In the cross-examination, the witness insisted that his service checked all the information obtained in the preliminary interviews. He denied that force was used in the interrogations of detained Muslims. Prosecutor Kimberly West then showed him a statement given by a Muslim who had been beaten with a wooden rod during the interrogation, in the presence of a National security Service operative Mladen Bajagic. Sehovac explained Bajagic’s presence by saying that the military police asked experts from the National Security Service for advice on interrogation techniques. Bajagic, as the witness insisted, ‘did not teach them how to beat people’. In his statement, the Muslim who had been beaten indicates that Bajagic, whom he knew, apologized to him for failing to recognize him sooner; had he known who the man was, he would have made sure he was ‘beaten less badly’.

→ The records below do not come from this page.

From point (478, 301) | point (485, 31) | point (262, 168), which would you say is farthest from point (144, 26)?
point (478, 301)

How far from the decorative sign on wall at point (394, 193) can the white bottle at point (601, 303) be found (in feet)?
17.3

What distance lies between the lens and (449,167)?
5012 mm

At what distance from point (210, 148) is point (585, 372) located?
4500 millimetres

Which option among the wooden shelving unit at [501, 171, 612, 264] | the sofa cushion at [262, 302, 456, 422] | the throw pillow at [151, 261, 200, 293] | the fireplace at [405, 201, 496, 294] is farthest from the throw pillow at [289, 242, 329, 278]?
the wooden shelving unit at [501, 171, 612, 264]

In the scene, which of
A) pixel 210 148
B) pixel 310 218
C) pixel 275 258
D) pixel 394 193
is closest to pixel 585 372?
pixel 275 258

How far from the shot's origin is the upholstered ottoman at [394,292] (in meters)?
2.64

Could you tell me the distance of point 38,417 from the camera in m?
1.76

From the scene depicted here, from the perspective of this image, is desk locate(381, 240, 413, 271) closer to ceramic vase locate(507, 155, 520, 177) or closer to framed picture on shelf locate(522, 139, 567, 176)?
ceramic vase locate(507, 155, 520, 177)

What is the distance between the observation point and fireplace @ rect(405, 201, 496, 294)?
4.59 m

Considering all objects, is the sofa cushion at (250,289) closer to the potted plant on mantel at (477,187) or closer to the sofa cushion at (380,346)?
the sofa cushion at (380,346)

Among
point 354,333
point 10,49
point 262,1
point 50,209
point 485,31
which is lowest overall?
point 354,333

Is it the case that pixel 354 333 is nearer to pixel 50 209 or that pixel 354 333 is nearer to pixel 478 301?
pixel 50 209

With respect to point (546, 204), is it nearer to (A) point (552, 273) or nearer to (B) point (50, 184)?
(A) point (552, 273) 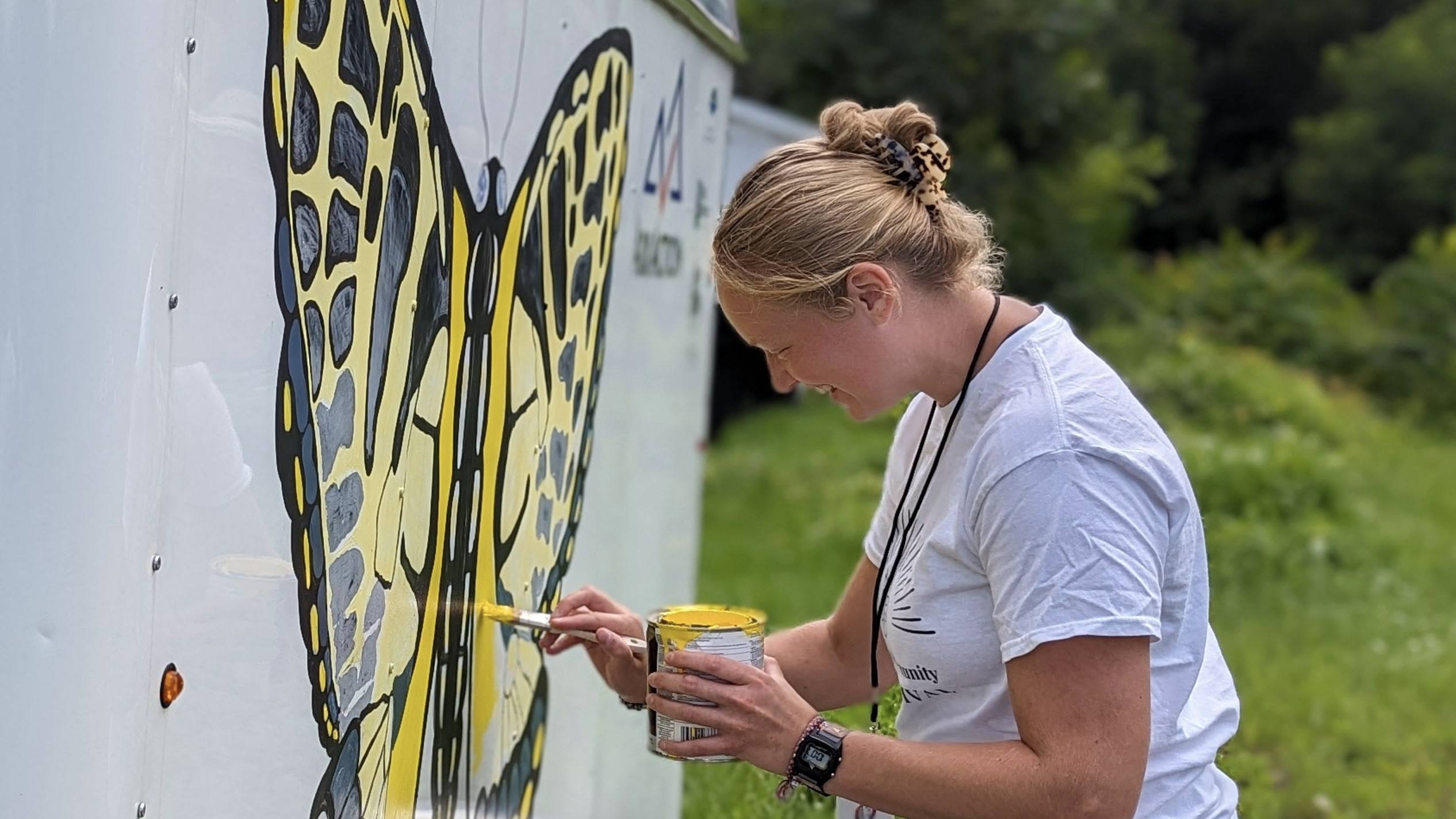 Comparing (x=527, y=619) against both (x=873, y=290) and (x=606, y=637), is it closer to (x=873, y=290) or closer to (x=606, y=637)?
(x=606, y=637)

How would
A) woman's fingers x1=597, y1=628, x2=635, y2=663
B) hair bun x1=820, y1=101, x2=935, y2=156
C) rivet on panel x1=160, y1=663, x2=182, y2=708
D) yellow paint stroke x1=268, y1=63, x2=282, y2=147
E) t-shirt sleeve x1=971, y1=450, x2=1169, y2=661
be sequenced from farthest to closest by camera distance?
1. woman's fingers x1=597, y1=628, x2=635, y2=663
2. hair bun x1=820, y1=101, x2=935, y2=156
3. t-shirt sleeve x1=971, y1=450, x2=1169, y2=661
4. yellow paint stroke x1=268, y1=63, x2=282, y2=147
5. rivet on panel x1=160, y1=663, x2=182, y2=708

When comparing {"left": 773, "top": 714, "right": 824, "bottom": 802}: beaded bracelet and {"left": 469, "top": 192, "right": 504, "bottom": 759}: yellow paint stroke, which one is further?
{"left": 469, "top": 192, "right": 504, "bottom": 759}: yellow paint stroke

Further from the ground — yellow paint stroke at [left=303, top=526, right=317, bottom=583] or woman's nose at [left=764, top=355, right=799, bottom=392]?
woman's nose at [left=764, top=355, right=799, bottom=392]

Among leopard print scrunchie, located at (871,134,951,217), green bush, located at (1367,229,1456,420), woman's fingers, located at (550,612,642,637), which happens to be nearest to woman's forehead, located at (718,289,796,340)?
leopard print scrunchie, located at (871,134,951,217)

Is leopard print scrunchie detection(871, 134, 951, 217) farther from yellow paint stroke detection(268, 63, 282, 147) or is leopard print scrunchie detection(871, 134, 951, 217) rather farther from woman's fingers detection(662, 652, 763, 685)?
yellow paint stroke detection(268, 63, 282, 147)

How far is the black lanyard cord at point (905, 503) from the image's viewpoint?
1.89m

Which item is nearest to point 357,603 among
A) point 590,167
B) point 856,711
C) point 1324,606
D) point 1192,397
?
point 590,167

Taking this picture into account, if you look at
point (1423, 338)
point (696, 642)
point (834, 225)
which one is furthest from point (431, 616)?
point (1423, 338)

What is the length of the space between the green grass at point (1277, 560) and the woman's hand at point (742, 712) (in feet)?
6.53

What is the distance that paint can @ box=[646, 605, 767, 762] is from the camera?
5.97 feet

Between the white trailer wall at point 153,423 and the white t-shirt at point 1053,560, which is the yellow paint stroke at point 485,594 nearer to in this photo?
the white trailer wall at point 153,423

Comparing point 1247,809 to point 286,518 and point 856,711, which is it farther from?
point 286,518

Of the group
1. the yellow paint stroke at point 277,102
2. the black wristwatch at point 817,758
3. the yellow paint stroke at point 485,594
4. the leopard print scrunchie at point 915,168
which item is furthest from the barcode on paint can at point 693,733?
the yellow paint stroke at point 277,102

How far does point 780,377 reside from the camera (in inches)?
77.1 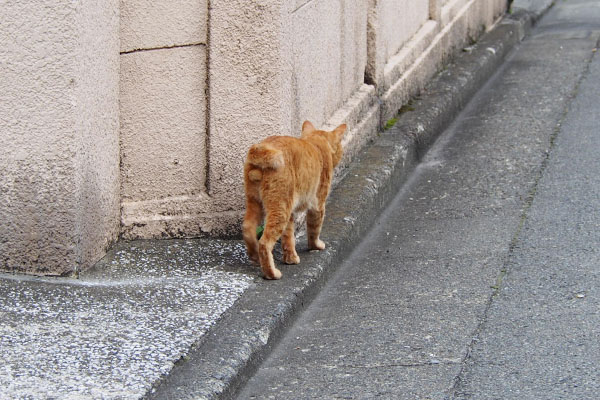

The last defense witness this week was Milan Mandic, president of the Association of the Families of the Killed and Missing Persons for Sarajevo and Romanija Areas. Karadzic is using Mandic’s testimony in a bid to contest the evidence of Amor Masovic, one of the directors of BH Institute for Missing Persons. Masovic gave evidence during prosecution case. Mandic claimed Masovic was biased and took part in the effort to move the bodies and cover up secondary graves of Serb victims.

The trial of the former RS president on charges of double genocide and other crimes in BH continues on Monday with the cross-examination of Dragomir Milosevic, former Sarajevo-Romanija Corps commander, who has been sentenced to 29 years in prison for the terror campaign against the citizens in Sarajevo.